↓

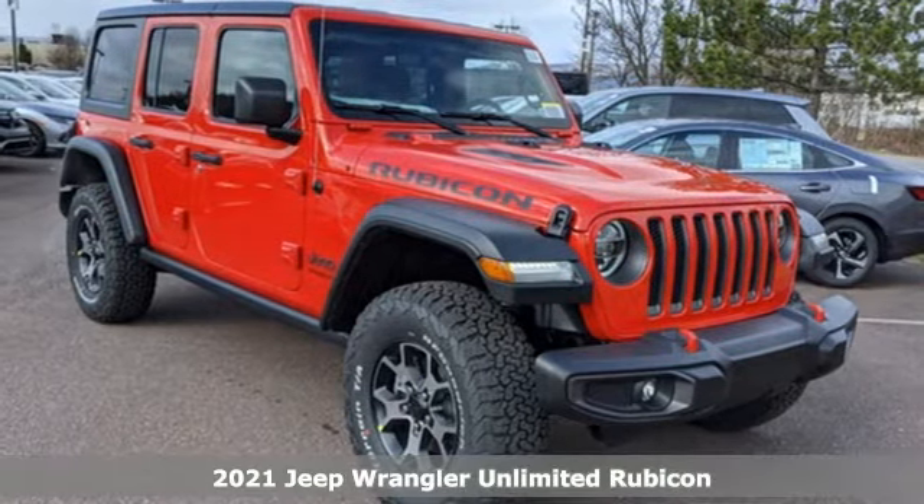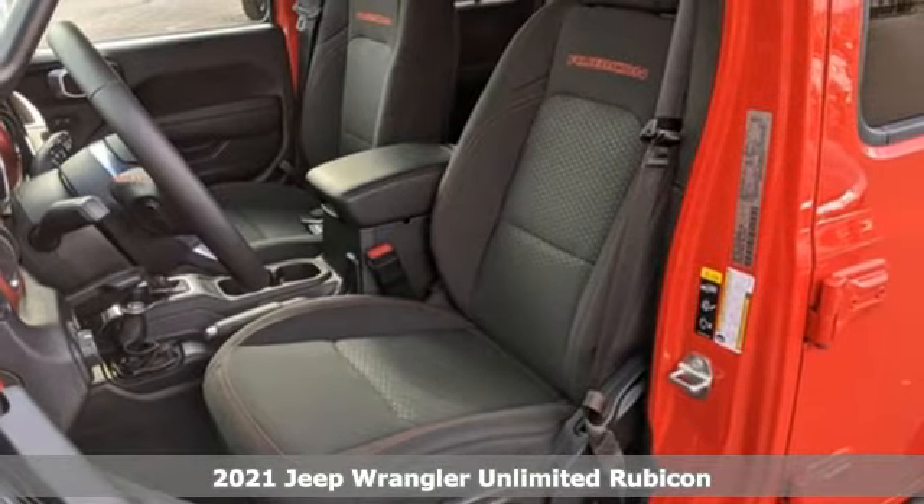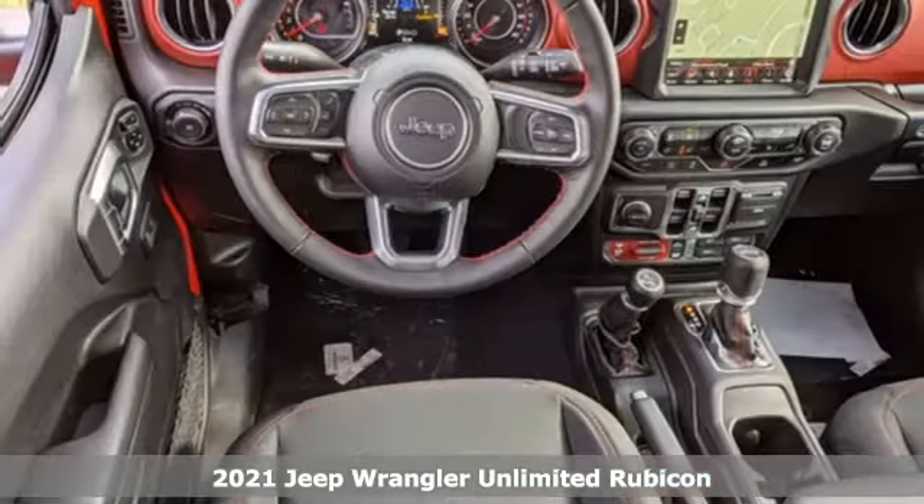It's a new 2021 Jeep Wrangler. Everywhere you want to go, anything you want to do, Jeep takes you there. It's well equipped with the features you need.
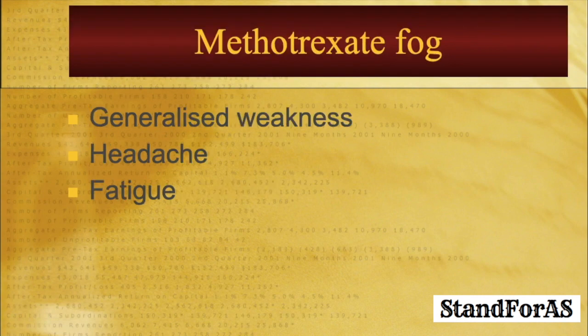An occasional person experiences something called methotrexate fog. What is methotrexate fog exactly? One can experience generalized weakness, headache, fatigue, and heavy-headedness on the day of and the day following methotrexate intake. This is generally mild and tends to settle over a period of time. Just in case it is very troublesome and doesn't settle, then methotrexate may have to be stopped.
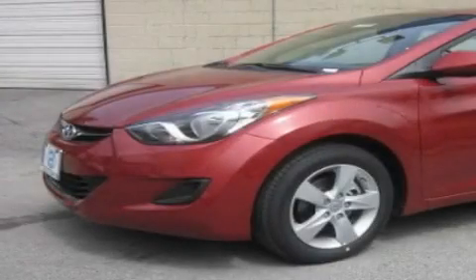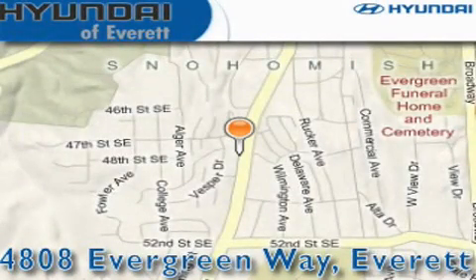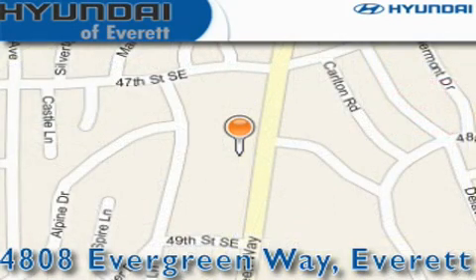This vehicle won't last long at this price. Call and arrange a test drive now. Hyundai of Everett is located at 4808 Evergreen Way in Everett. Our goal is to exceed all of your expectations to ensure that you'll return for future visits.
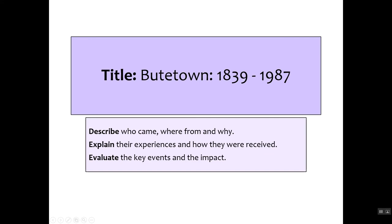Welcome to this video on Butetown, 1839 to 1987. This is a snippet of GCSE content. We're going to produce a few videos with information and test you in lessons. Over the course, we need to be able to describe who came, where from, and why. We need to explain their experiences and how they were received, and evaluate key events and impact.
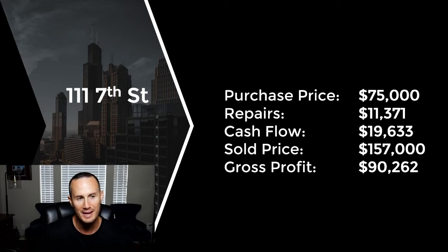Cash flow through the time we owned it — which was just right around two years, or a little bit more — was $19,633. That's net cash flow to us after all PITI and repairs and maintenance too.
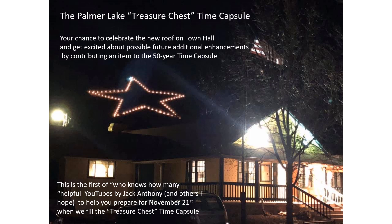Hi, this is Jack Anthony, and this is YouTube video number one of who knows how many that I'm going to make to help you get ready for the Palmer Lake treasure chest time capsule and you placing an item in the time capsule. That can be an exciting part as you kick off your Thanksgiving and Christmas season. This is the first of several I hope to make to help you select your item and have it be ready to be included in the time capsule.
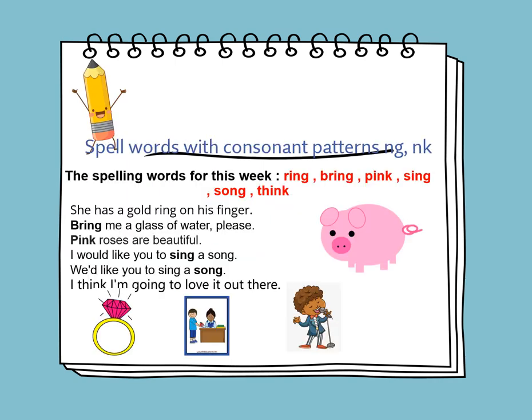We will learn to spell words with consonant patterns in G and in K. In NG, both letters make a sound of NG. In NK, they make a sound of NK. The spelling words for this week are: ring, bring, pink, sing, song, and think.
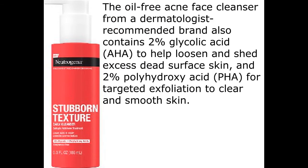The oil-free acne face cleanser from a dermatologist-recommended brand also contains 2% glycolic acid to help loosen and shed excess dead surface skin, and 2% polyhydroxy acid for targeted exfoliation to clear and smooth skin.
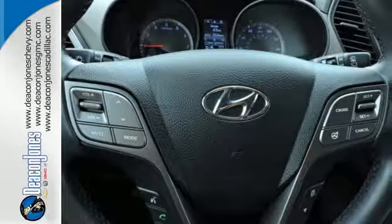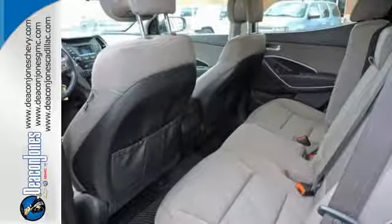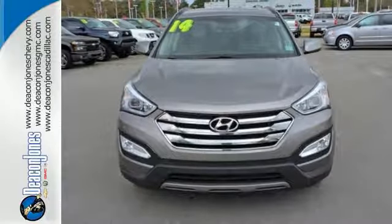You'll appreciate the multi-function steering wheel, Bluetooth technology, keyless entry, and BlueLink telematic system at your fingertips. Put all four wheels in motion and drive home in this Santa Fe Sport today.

↑

■ **YOUR INSTRUCTIONS**
Exact repeat of the material above: every line from the one with "Hi, this is" through the one with "We will learn", endpoints included, and nothing more. No pictures.

■ **PROBLEM SOLUTION**
Hi, this is Jack Anthony, and this is YouTube video number one of who knows how many that I'm going to make to help you get ready for the Palmer Lake treasure chest time capsule and you placing an item in the time capsule. That can be an exciting part as you kick off your Thanksgiving and Christmas season. This is the first of several I hope to make to help you select your item and have it be ready to be included in the time capsule.
We will learn to spell words with consonant patterns in G and in K. In NG, both letters make a sound of NG. In NK, they make a sound of NK. The spelling words for this week are: ring, bring, pink, sing, song, and think.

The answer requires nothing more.